> **Task description**
Reproduce the records below exactly, but only between the lines holding "Стакан с крышкой" and "Men's Nike San", inclusive.

> **Input for this task**
::::::::

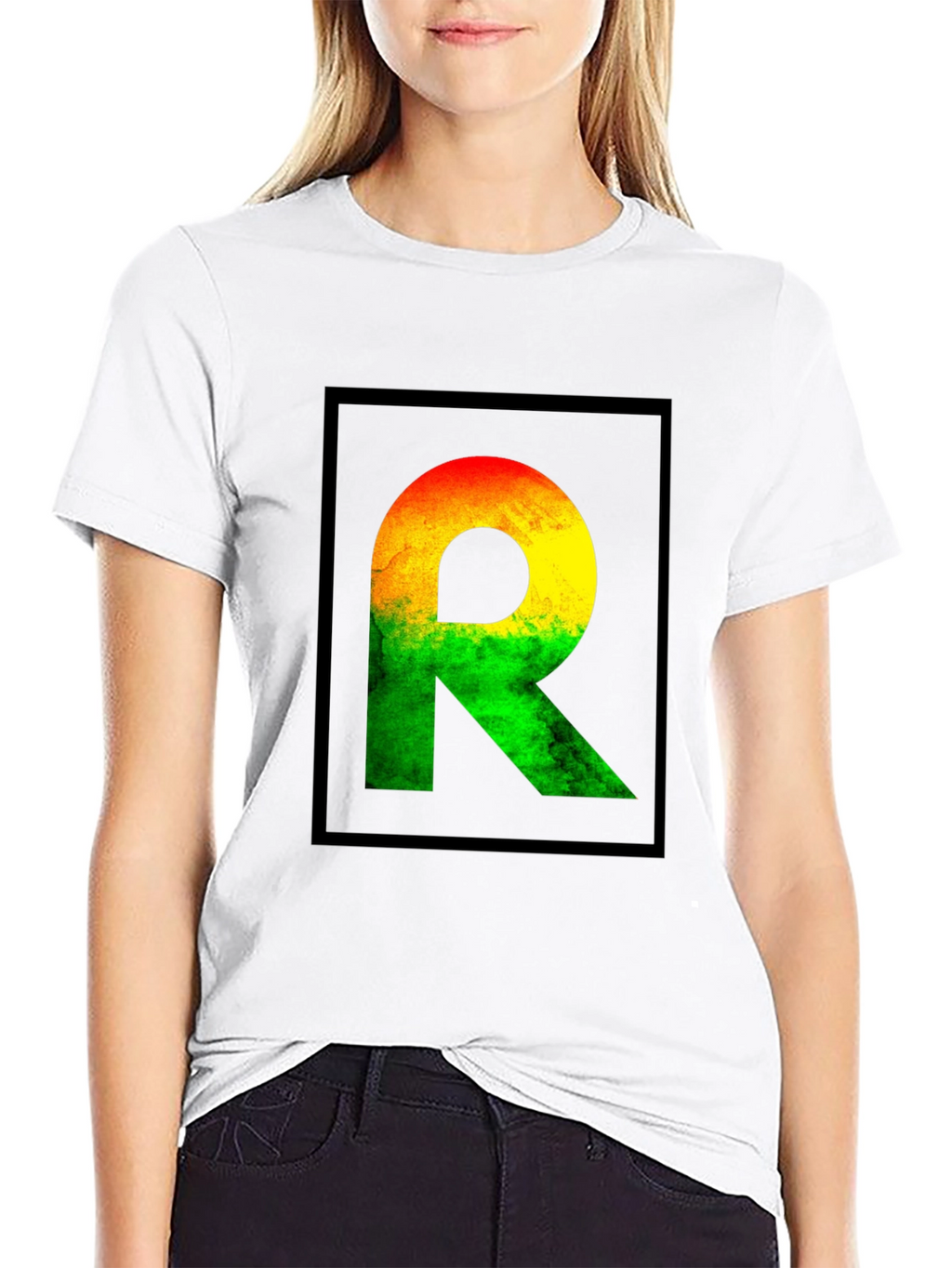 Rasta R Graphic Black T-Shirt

::::::::

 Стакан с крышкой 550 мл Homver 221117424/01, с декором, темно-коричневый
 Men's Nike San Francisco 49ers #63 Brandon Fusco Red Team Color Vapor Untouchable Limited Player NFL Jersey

::::::::

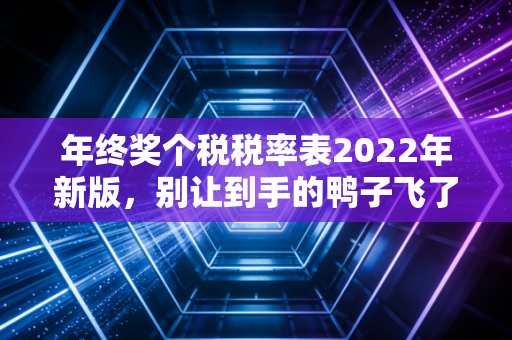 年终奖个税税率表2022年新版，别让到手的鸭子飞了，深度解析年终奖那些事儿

::::::::

> **Problem solution**
 Стакан с крышкой 550 мл Homver 221117424/01, с декором, темно-коричневый
 Men's Nike San Francisco 49ers #63 Brandon Fusco Red Team Color Vapor Untouchable Limited Player NFL Jersey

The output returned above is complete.